NVIDIA Announces the Tesla V100 PCI-Express HPC Accelerator

NVIDIA formally announced the PCI-Express add-on card version of its flagship Tesla V100 HPC accelerator, based on its next-generation "Volta" GPU architecture. Based on the advanced 12 nm "GV100" silicon, the GPU is a multi-chip module with a silicon substrate and four HBM2 memory stacks. It features a total of 5,120 CUDA cores, 640 Tensor cores (specialized CUDA cores which accelerate neural-net building), GPU clock speeds of around 1370 MHz, and a 4096-bit wide HBM2 memory interface, with 900 GB/s memory bandwidth. The 815 mm² GPU has a gargantuan transistor-count of 21 billion. NVIDIA is taking institutional orders for the V100 PCIe, and the card will be available a little later this year. HPE will develop three HPC rigs with the cards pre-installed.
Add your own comment

13 Comments on NVIDIA Announces the Tesla V100 PCI-Express HPC Accelerator

#1
gigantor21
Noob question: how would you calculate peak theoretical TFLOPs based on the listed specs?
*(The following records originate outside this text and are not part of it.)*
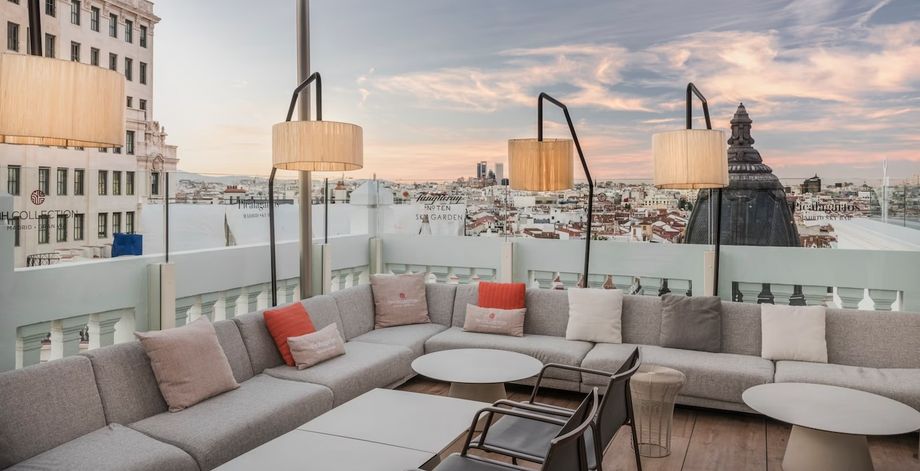 NH Collection Collection Madrid Gran Vía's rooftop lounge overlooking the city skyline. NH Collection Collection Madrid Gran Vía's rooftop lounge overlooking the city skyline.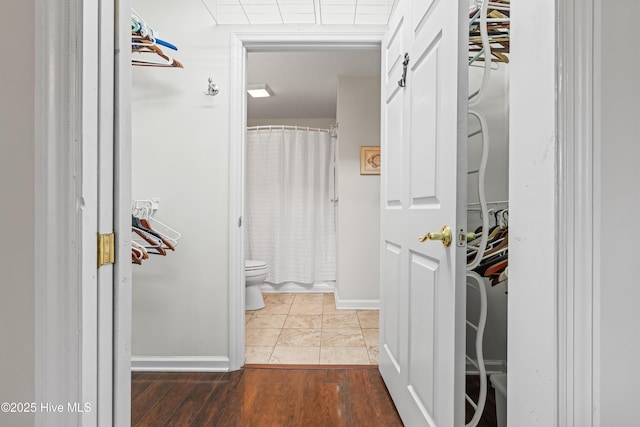 3350 Club Villas Dr # 1403, Southport, NC 28461 - hallway featuring baseboards and wood finished floors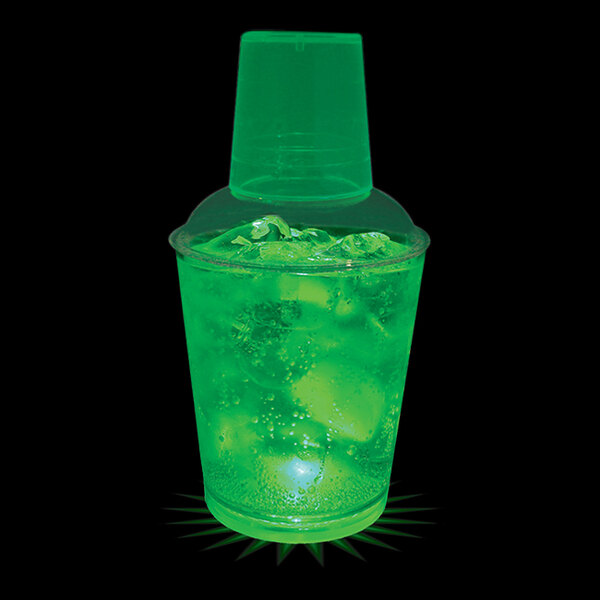A 12 oz. plastic cup with a green LED light filled with a green drink.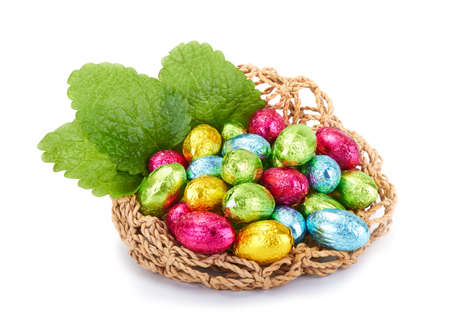 Colorful Easter Eggs in a nest with mint leaves isolated on a white backgroundの写真素材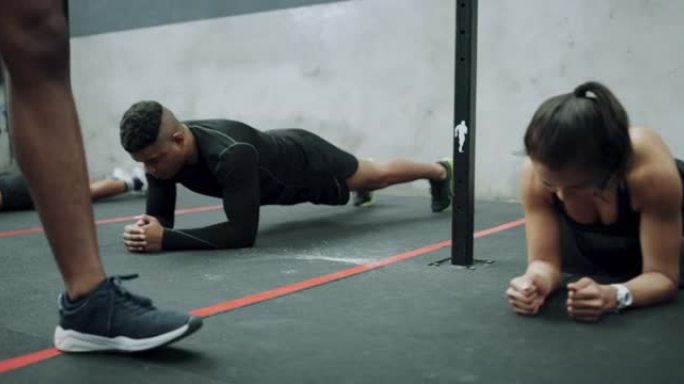 一名健身教练指导一群运动的年轻人在健身房拼板的4k视频片段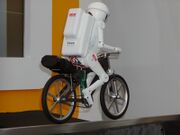 Murata Boy, a 50 cm (20") high bicycle-riding robot developed by the company since 1991 (2005 Model pictured).[19][20][21]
Is it 5120 shaders x 2 x 1.3 GHz clock = 14 TFLOPs? Or am I missing something?
Posted on Reply
#3
Hugh Mungus
980 ti to 1080 was 50% tflop increase for 30% extra performance. Now we really only have 12 to 15 tflops increase drom p6000 to tesla v100 with SXM2 so the v6000 would have 15.5-ish probably. That's an increase of just 30% in tflops. If the v104 die also gets more CUDA cores, it will have 30% more tflops than a 1080. That basically puts it at 1080 ti computing power and even with optimizations it's likely only going to be 10% faster or so or maybe even less. Best case scenario going from 9.3 to 14 tflops for the pcie variants of tesla cards, even though the p100 hasn't got the full 3840 CUDA cores, that still only gives gv104 13.5tflops and we have seen diminishing returns tflops to framerate, so essentialy that's still only 25% increased framerates over the 1080 ti and really though you should compare 3840 pascal to 5120 volta, so that drops the improvement in framerate down to 20% if you would compare the top of the line tesla pascal that doesn't exist and volta tesla cards to each other.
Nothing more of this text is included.